|Our Wonderful Kids|
May is National Foster Care Awareness Month.
I plan to blog this month about foster care and our experience. Lauren, Natalie and Josh gave us a picture this past Christmas of the kids we have fostered the last couple of years. The verse included is James 1:27. It hangs on a wall in our home to remind us of our ministry to “the least of these.” We will be adding to the collage in the years to come.
Recently, a friend of mine began the journey of foster care. She has a teenage son still at home and asked if our son Josh would be willing to share his experience of being a brother to foster siblings. Sharing his words is a great way to begin my posts this month. Following is what Josh wrote to Peter, who is becoming a foster brother. (No editing. No “filters”.)

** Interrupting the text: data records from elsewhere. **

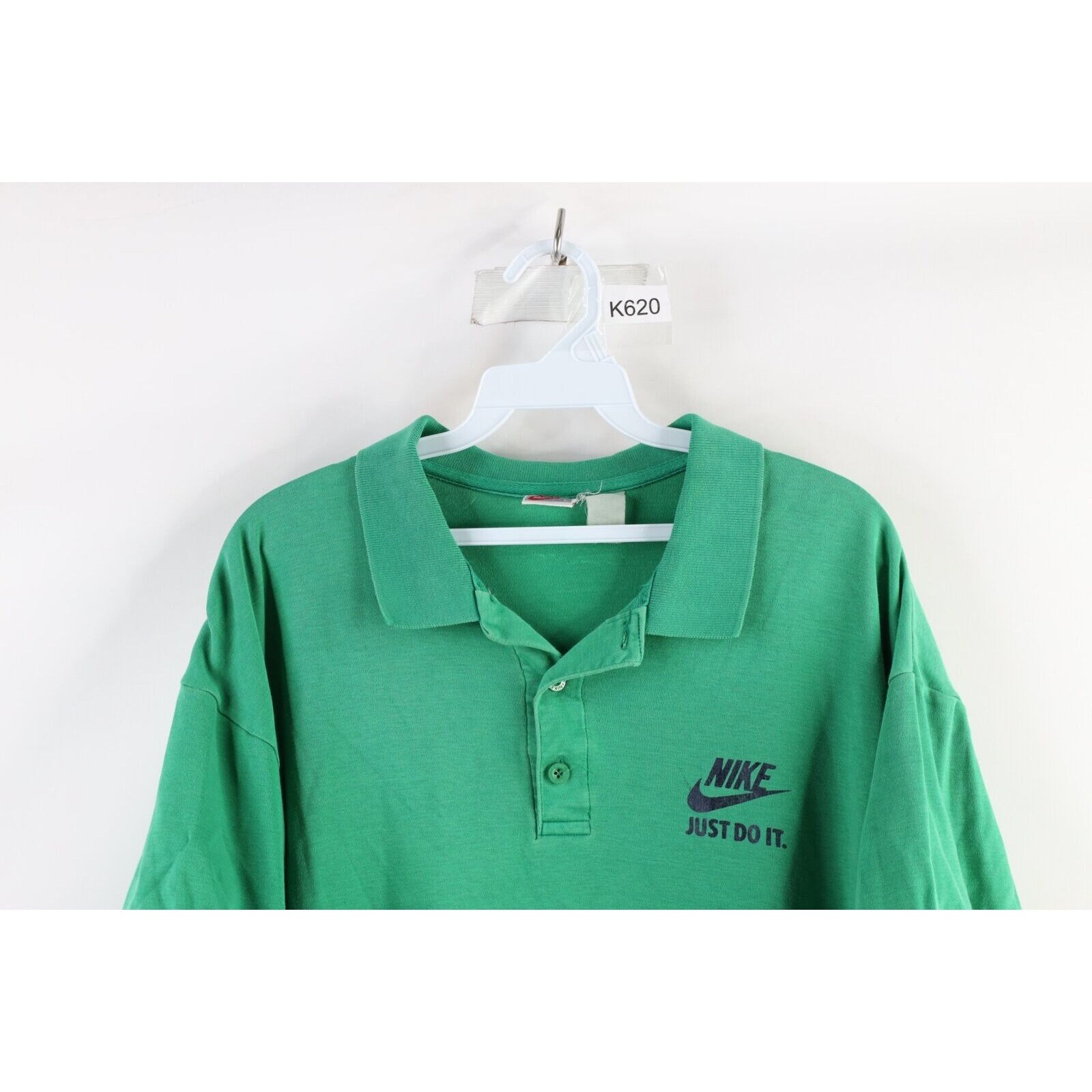 VSVintageLLC 90s Nike Mens Large Faded Spell Out Just Do It Collared Polo Shirt Green Nike Faded Spell Out T Shirt Mens Judst Do It Collared Polo Shirt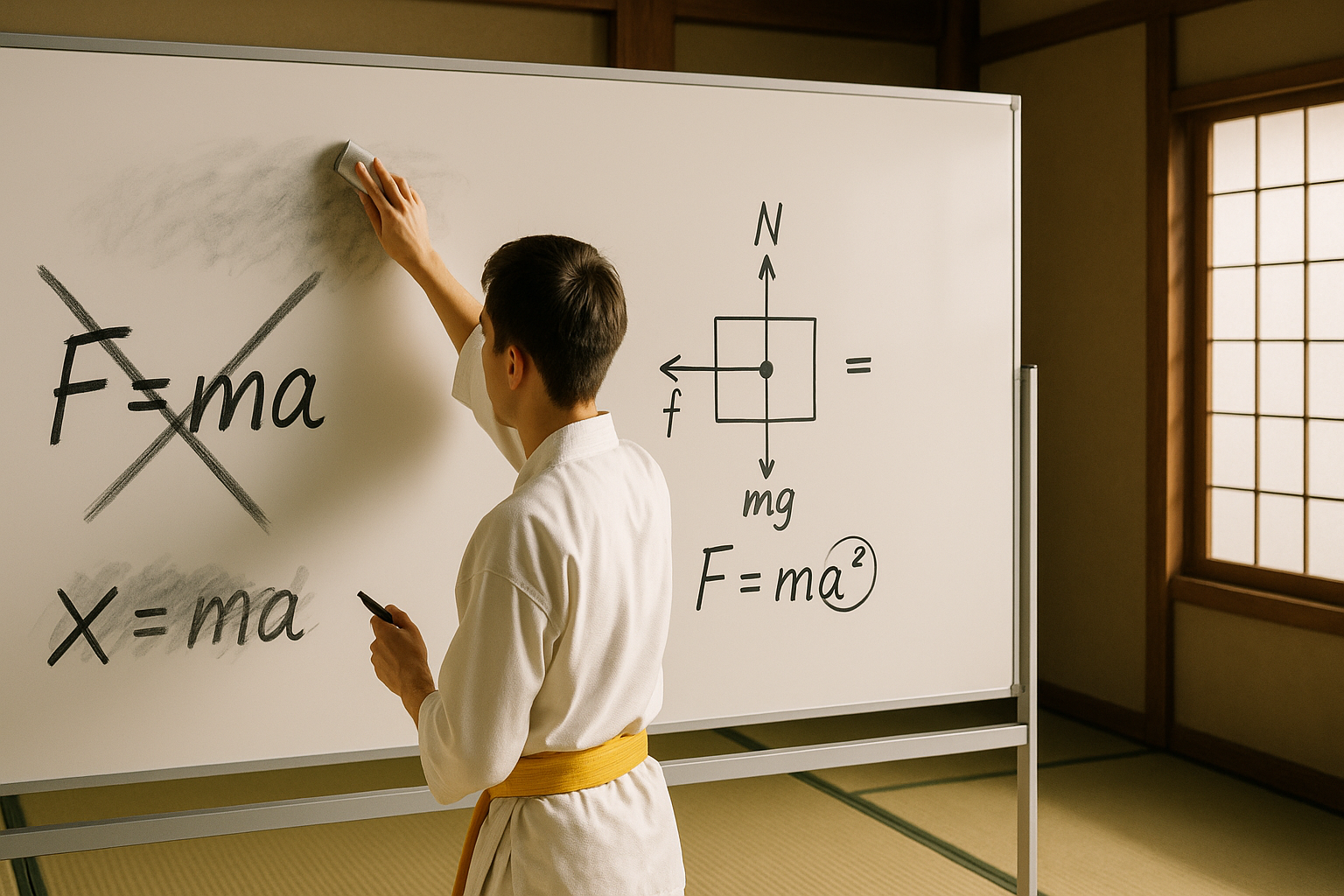 Student fixing physics errors on a chalkboard in a dojo-style classroom, highlighting common mistakes in physics and their solutions.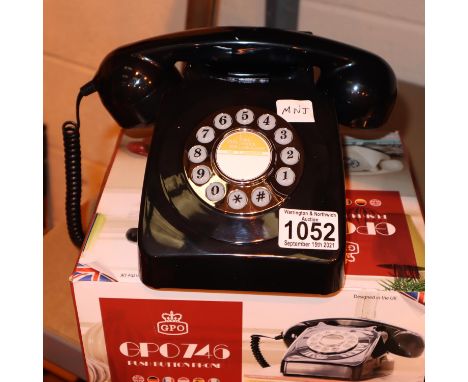 Black, GPO746 Retro push button telephone replica of the 1970s classic, compatible with modern telephone banking and any stan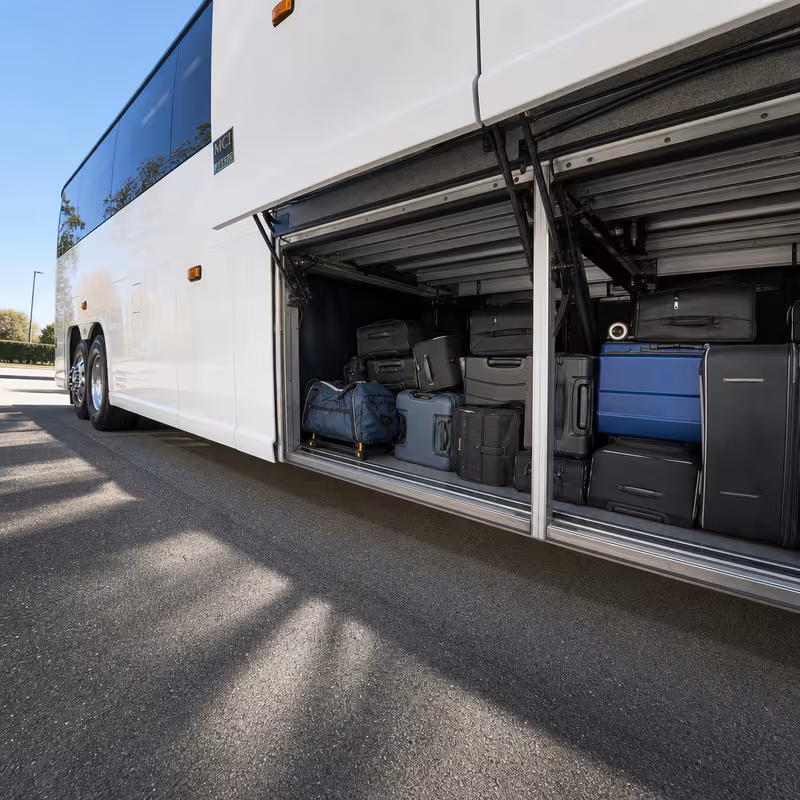 Party bus interior with wraparound leather seating and LED lighting in Minneapolis
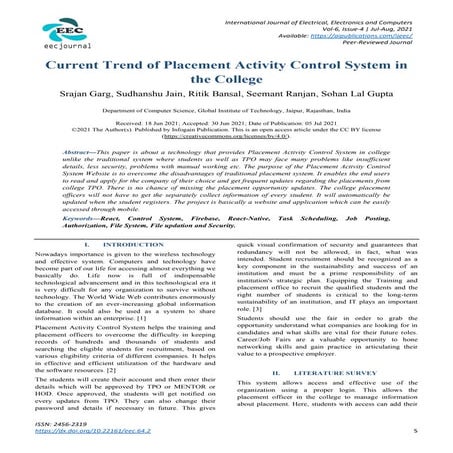 Current Trend of Placement Activity Control System in the College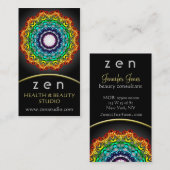 円のオーナメントの曼荼羅の芸術、名刺 名刺 (正面/裏面)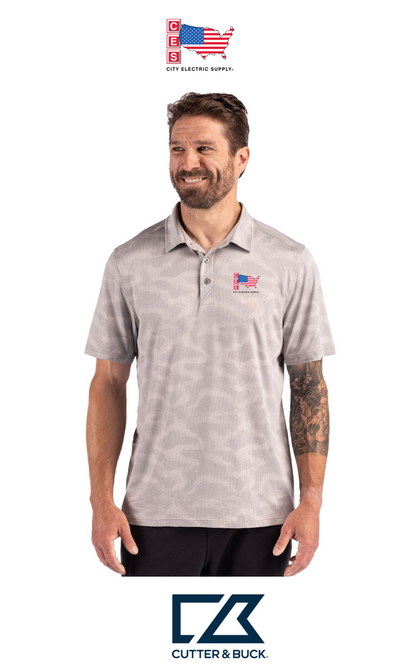 Cutter & Buck Coastline Recycled Double Peached Camo Print Mens Polo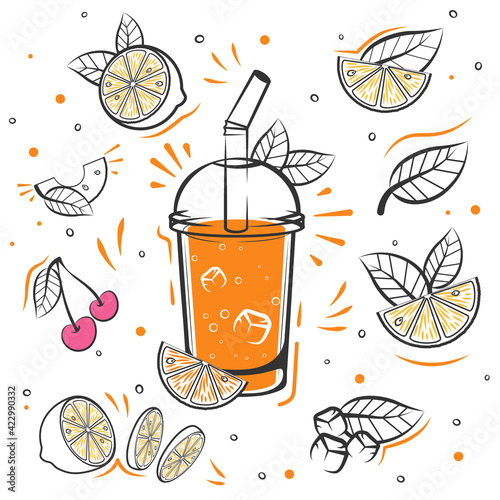 Orange smoothie recipe. With illustration of ingredients. Sketch smoothie.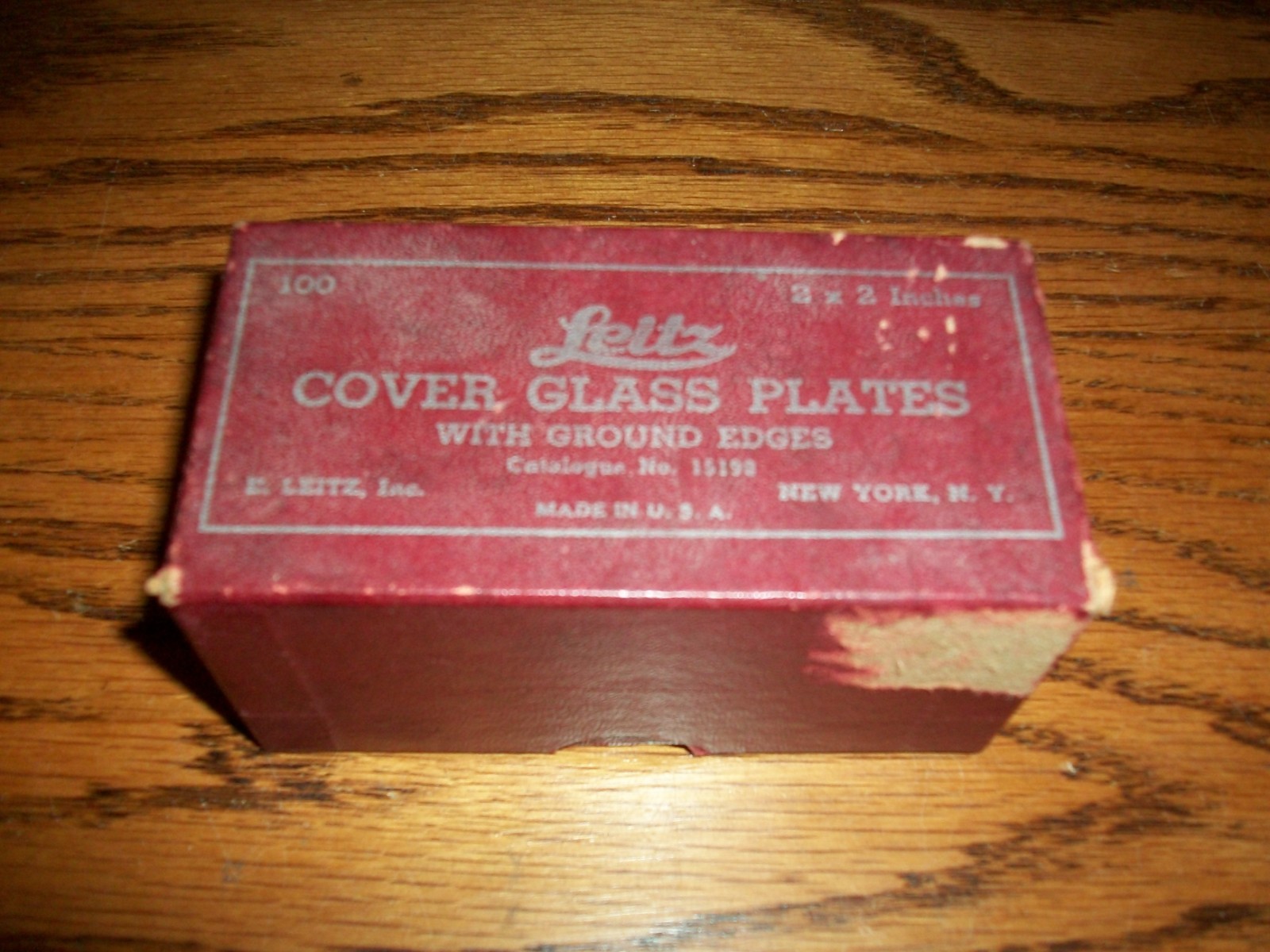 Leica Leitz Cover Glass Plates w/ Ground Edges 2×2 in Box! near full-Ships FREE
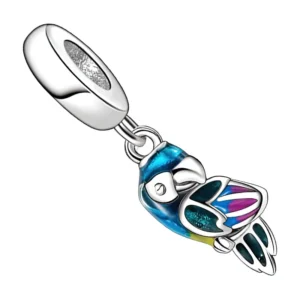 pendentif charm perroquet en argent et émail multicolore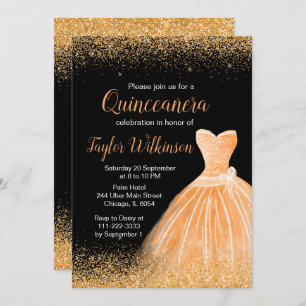 Invitation Robe Orange Pêche Faux Parties scintillant Quincea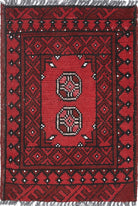 Ivory Hand-Knotted Afghan Tribal Geometric Wool Rug - 1'7" x 2'3"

My family has fostered a total of seven children. Our many adventures with these children has helped us all bond. Each one makes all of them a part of this family. The hardest part the foster care has been letting them go. Bryson was the first we had to let go after we had him for 18 months. In these months we bonded over building tents, mowing the grass, eating together, and my favorite was potty training!! These are some of the good things that happen together. But they weren’t all good. There are also some things that weren’t good to happen. There were times he would throw temper tantrums because he did not get his way. It was hard to love him when that happened, but we did anyway. I would say that these were the moments when we would grow together the most.
I’ve heard many of my coaches say “the more you put into something the harder it will be to quit.” This not only applies to sports but to life in general and especially fostering. Anything that we stick with that gets hard becomes more important to us because we feel we sacrificed to get it. There is no point in sacrificing something you plan on quitting. Your input makes you wish you can stick around for the output. When foster siblings become difficult, we continue to show love because this is what makes us different. The normal reason a child is in foster care is because of a lack of love somewhere along the way. If we show them love, we show them Christ. This is why our family does foster care. This is also what makes it so hard – because we do not get to adopt them and keep them. This was the hard part about Bryson. The entire time we had him, I hoped we would keep him. In the end we didn’t get to.
My advice to you overall is to love them. Make them your family and invest in them, but don’t expect to keep them. The only place guaranteed you can keep them is in your heart.